The other objection to debt-financed mitigation is practical: in the absence of time machines, each generation has only the resources presently in existence at its disposal. Most investment is for the benefit of the present generation. If we shift these investments from their current uses to mitigation, today’s people will bear the burden. It is impossible, so the argument goes, to transfer the mitigation burden to future generations. Moreover, some may fear that ambitious spending on mitigation could fuel inflation.

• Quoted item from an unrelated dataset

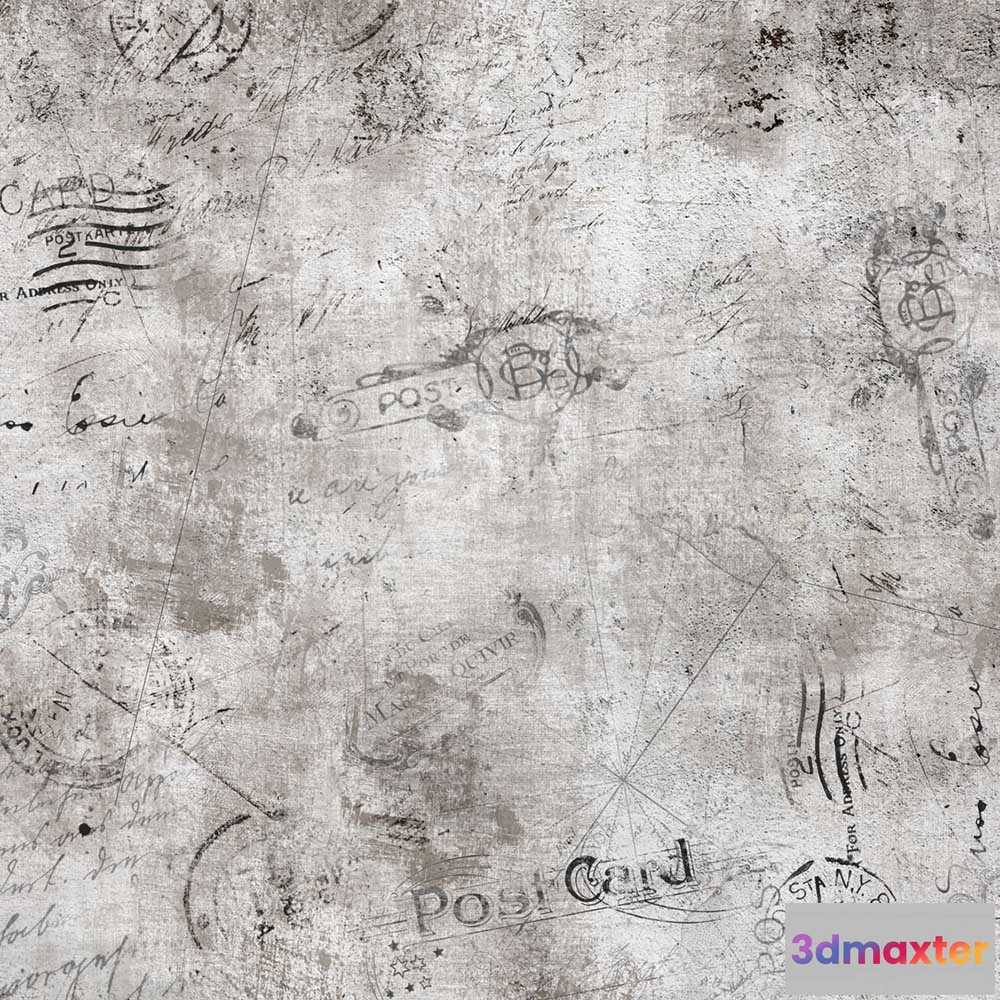 1674751 - Affreschi & Affreschi  - Wallpaper AY-09 3D Max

But though public debt cannot expand the resources at the world’s disposal, foreign borrowing allows individual states to increase their outlays now in exchange for spending less later. This can shift a burden from present taxpayers to future ones. That might be of little use if foreign loans went on insulating houses or replacing boilers. The whole world must cut its emissions, and not all countries can run up foreign debt, nor can every country afford to. But one or more states could also use foreign borrowing to fund an ‘Apollo program’. If such research drives down the cost of clean energy, other states will adopt it whether or not they care about climate change.
"Debt-financed mitigation is like taking out insurance at our grandchildren’s expense, reducing the risk that they will face an intolerable outcome."
In an article published two years ago, the Swiss writer Ivo Nicholas Scherrer calls on his country to become a ‘climate workshop’ for clean technology, financing this initiative partly through public debt. What will be decisive for climate change, Scherrer observes, is not Switzerland’s own emissions, but those of the developing countries. ‘And here’, he adds, ‘it makes an enormous difference whether tested, climate-friendly technologies are available.’
That goes not only for Switzerland but also for the rest of the industrialized world. By far the greatest difference these states can make is in pioneering the development of cheap, clean energy. Future citizens should not object to debt financing that both helps the world avoid global heating and gives their own states a technological head-start. Like fascism in the 1940s, global heating confronts the world with a threat that could prove catastrophic. We were not afraid to run deficits to meet it then. States that can should not hesitate to do so now.